4.1 Energy Consumption Model
To determine the energy consumption, the modelling
power of GSPN-s was used, which can describe the
overall network behaviour. The model developed by
the authors the Places in the Petri net represent the
packet storage queues of the nodes, while
Transitions simulate the sending of packets. During
the creation of the model, we assumed that each
node spends zero time for processing packets. In
addition, the nodes send the aggregated packet
immediately, when they collected as many packets
as their specific aggregation number. In addition,
each node generates packets itself, generated
according to an exponential distribution. According
to previous description, the transitions either have an
exponential delay, or fire immediately. We also
assumed, that the nodes in the network are possess
the same parameters, so the network is
homogeneous. The weight of the edges in the graph
created by the model is the same as the actual node’s
aggregation number, with the default of one.
The developed model actually describes a single
chain network topology. This is sufficient, because
in any network topology a route is required in order
to achieve communication between two nodes,
which route consists of a chain of nodes.
To illustrate our model, let us take a chain
topology consisting of five nodes. Consequently,
assume, that the sensor data reaches the data centre
(sink) in five hops. The graphical appearance of the
model can be seen in Figure 1.
In Figure 1, the nodes of the network are marked
by different colours. It can be seen, that apart from
the first node and the data collector unit (called
sink), all the other nodes are composed of two parts.

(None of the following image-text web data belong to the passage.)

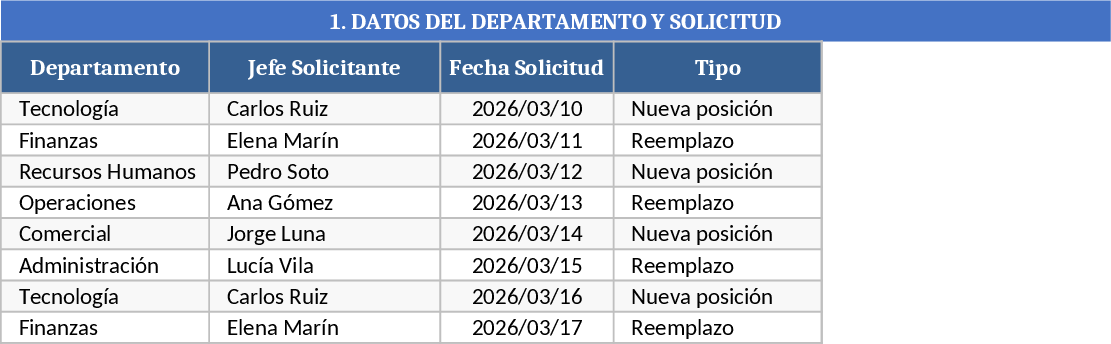 Hiring Request Form with Candidate Profile Dropdowns Template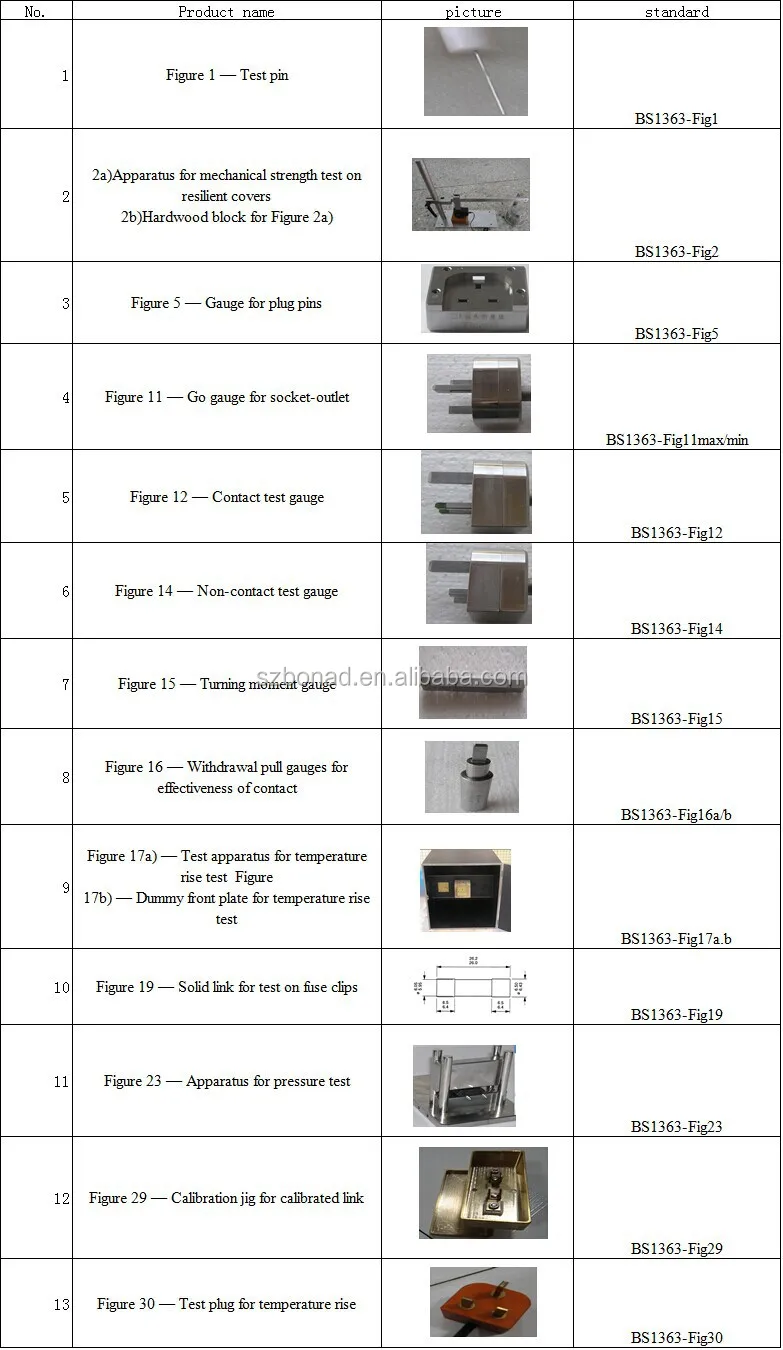 Bs13632 British Standard Plug Gauges,Socketoutlets,Adaptors And Connection Units Buy Bs1363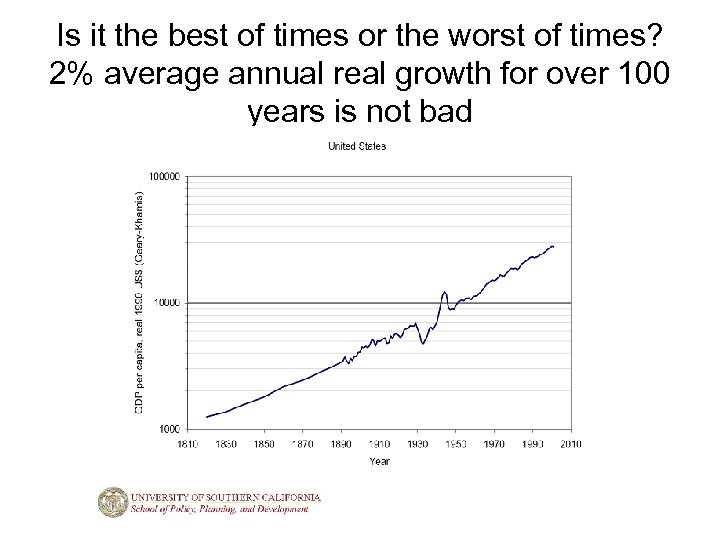 Is it the best of times or the worst of times? 2% average annual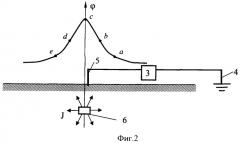 Способ определения трассы прокладки элементов заземляющего устройства (патент 2366967)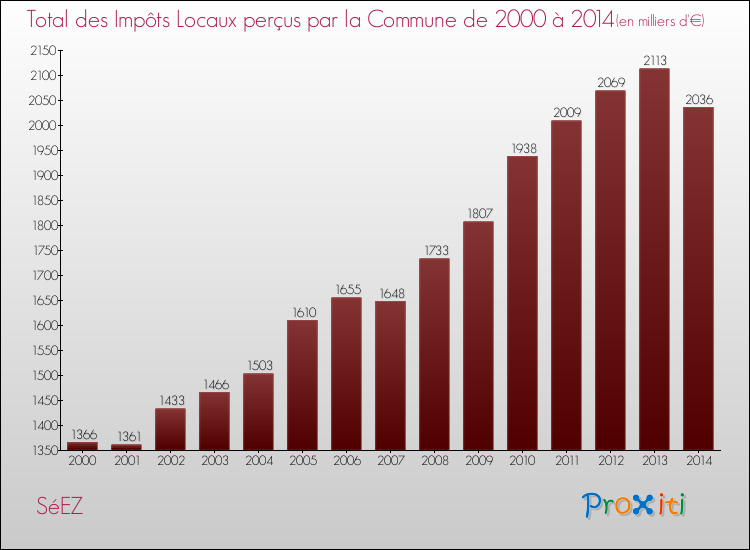 Evolution des Impôts Locaux pour la commune de SéEZ de 2000 à 2014 Evolution des Impôts Locaux pour SéEZ de 2000 à 2014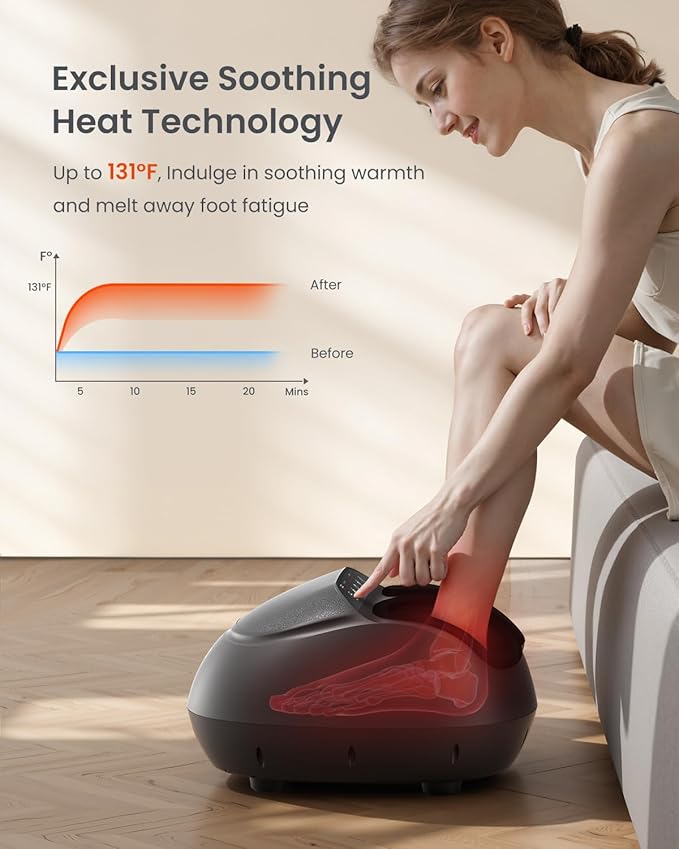 Massageador de Pés Shiatsu Premium 3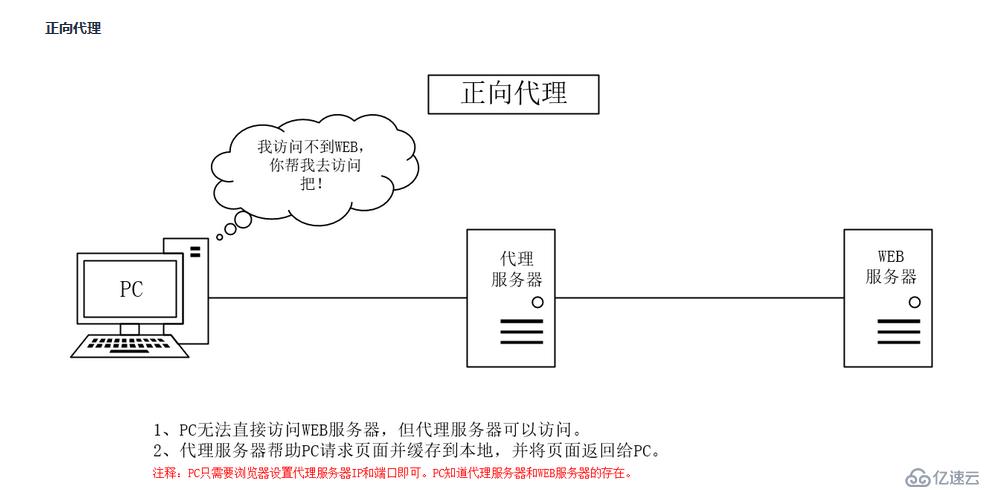 nginx代理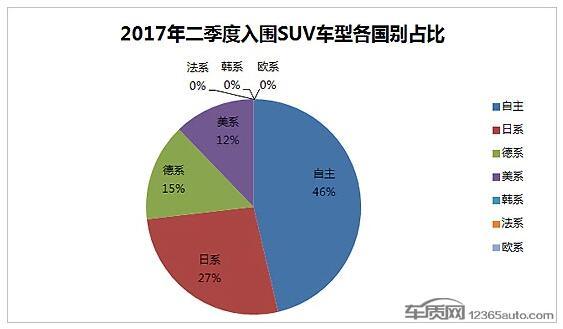 2017年二季度热销SUV投诉销量比排行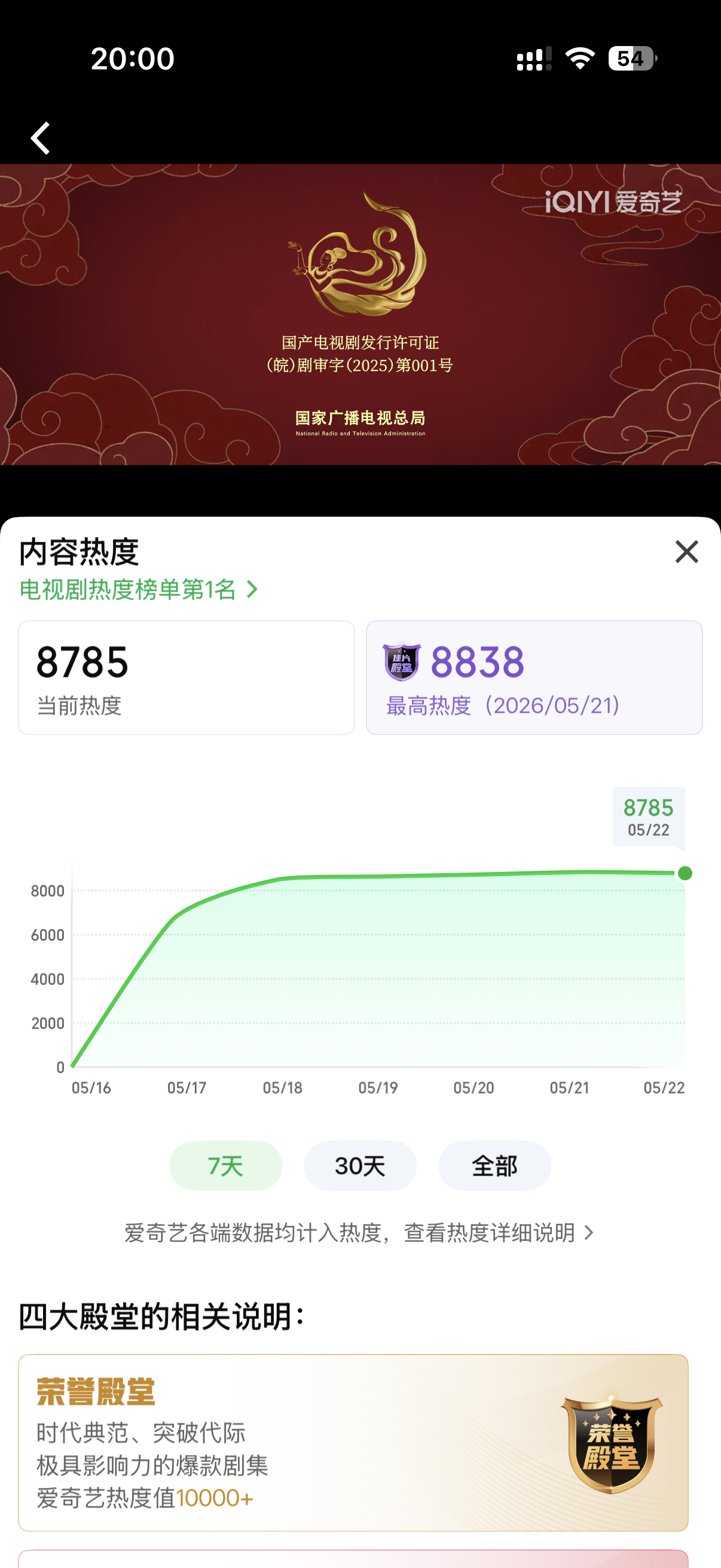 开看家业！！！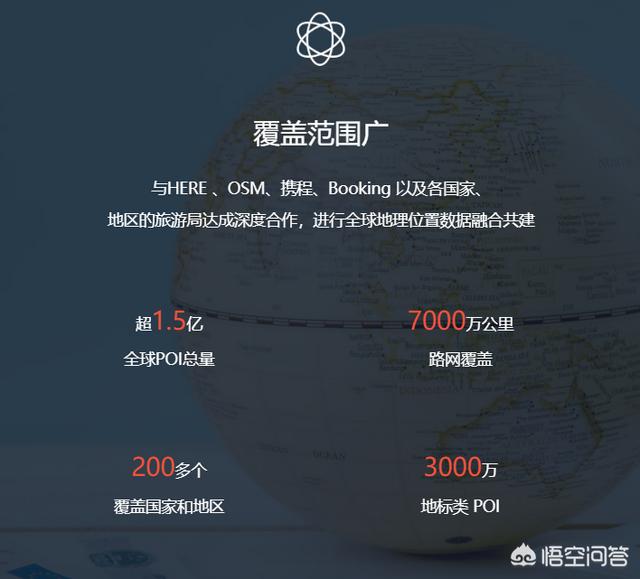 微信导航挖词:请问国内的高德地图、百度地图、腾讯地图，哪个最好用，为什么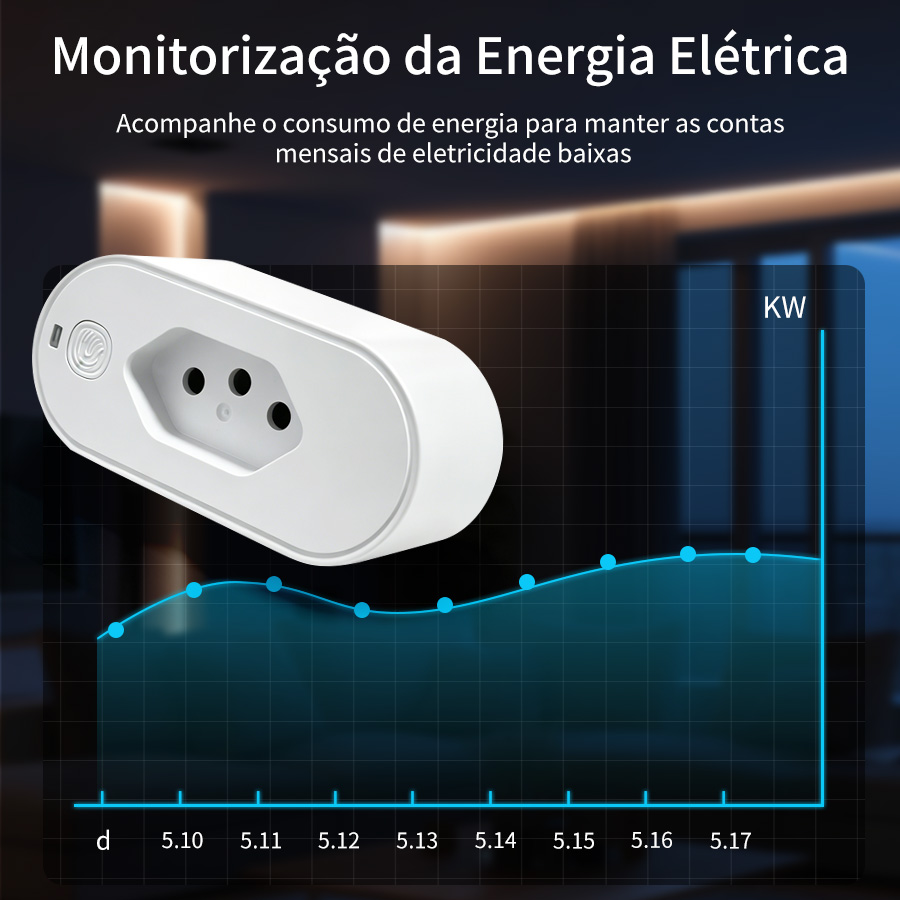 Tuya WiFi Smart Plug Socket wi - огляд і ціна Smart Home Or Smart Home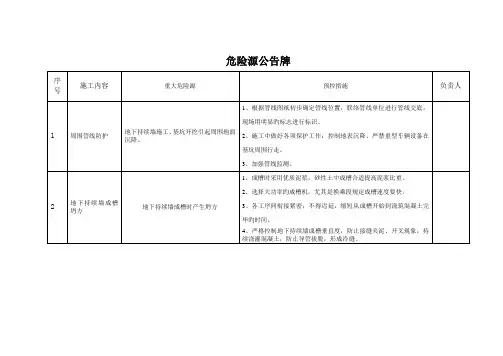 重大危险源控制措施方案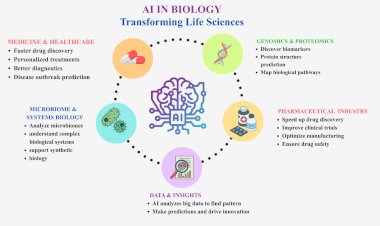 AI in Biology: Transforming Life Sciences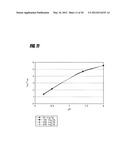 USE OF AN EQUILIBRIUM INTRAVASCULAR SENSOR TO ACHIEVE TIGHT GLYCEMIC     CONTROL diagram and image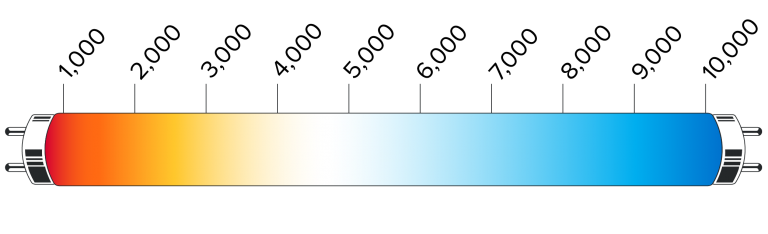 How To Choose Color Temperature Of LED Lighting For Home & Office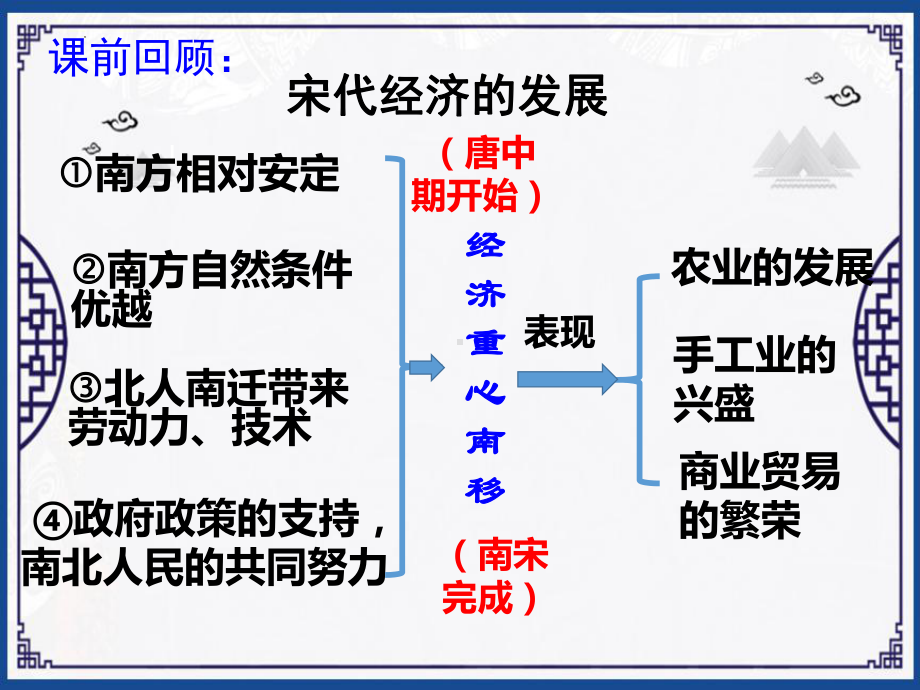 2.10蒙古族的兴起与元朝的建立ppt课件 (j12x1)-（部）统编版七年级下册《历史》(006).pptx_第1页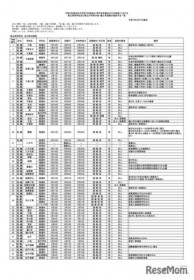 千葉県立高の転編入、千葉など全日制118校…県立中は実施なし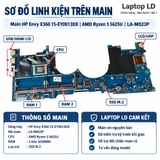 Tổng thể mainboard HP Envy x360 15-EY0013DX mã LA-M023P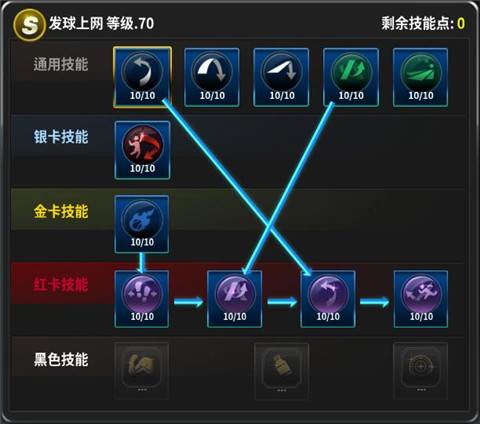 球员养成攻略配图7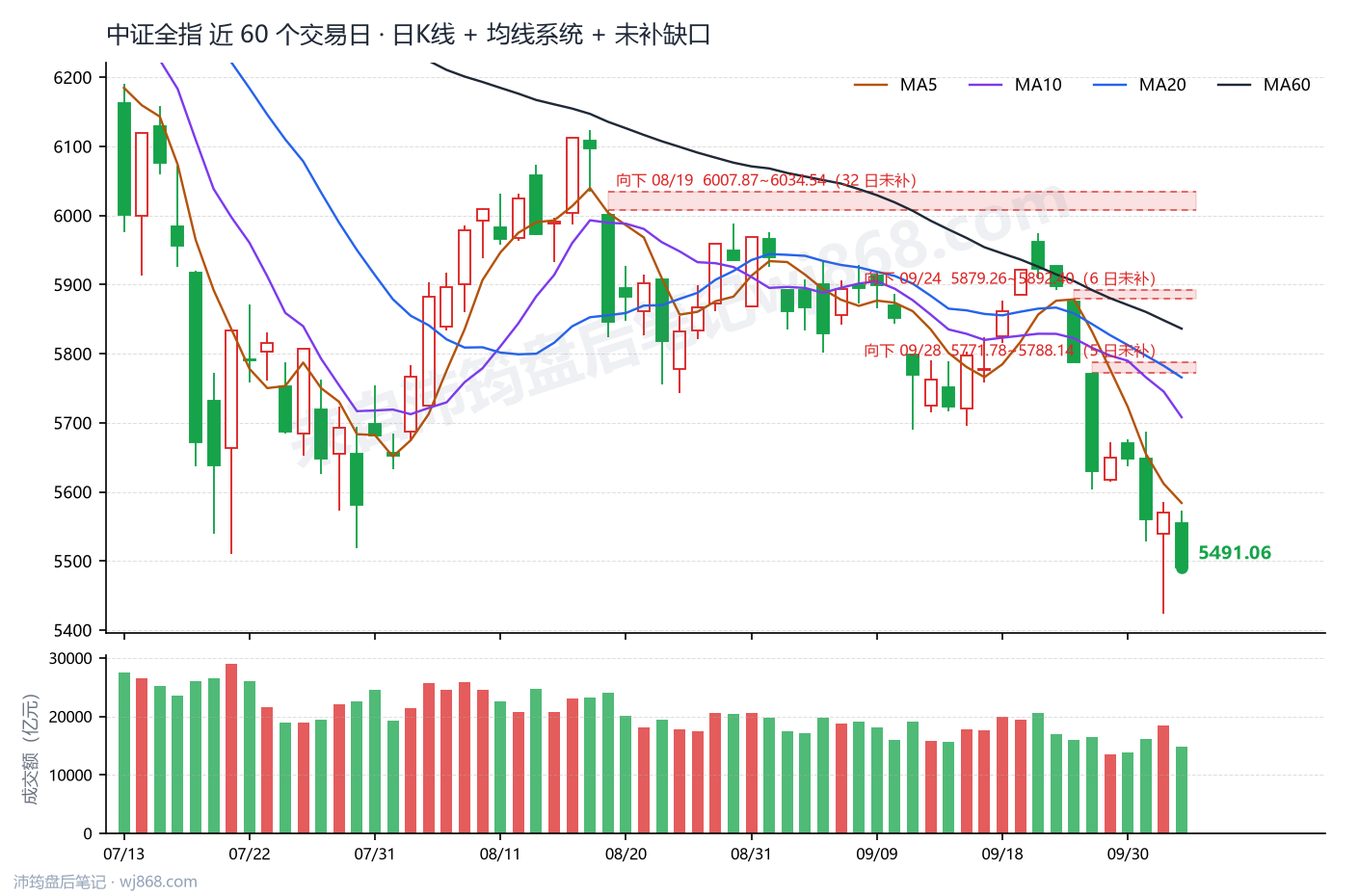 中证全指(000985) 2026年10月12日 收盘K线图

The first part consists of the places and transitions
responsible for the data coming from the node’s own
sensors. The second group represents the data
coming from the previous node. The own arrivals
(i.e. the measured values read from the local
sensors) are modelled by transitions with
exponential distribution, which are illustrated by
rectangles containing ‘T’. The arrival of the
neighbour nodes is represented by the immediately
firing transitions. The other transitions of the nodes
immediately fire, when the predefined number of
tokens is available.
The vector of aggregation numbers required to
achieve minimum power consumption of the chain
can be calculated with the previously presented
model. To determine how much energy consumption
a combination of aggregation numbers represent for
the entire chain topology, we have to calculate the
stationary distribution of the system, i.e., the amount
of packets sent to each node in percentage
distribution. Using this result, we can determine the
total power consumption of the chain, if the energy
consumption parameters of the nodes are known.
4.2 PetriDotNet
PetriDotNet (PetriDotNet, 2011) is a software, that
runs on Windows and Mac OS X with a graphical
user interface and can be used for editing, simulate
and analyse Petri nets.
The software was developed by the Department
of Measurement and Information Systems of BUTE.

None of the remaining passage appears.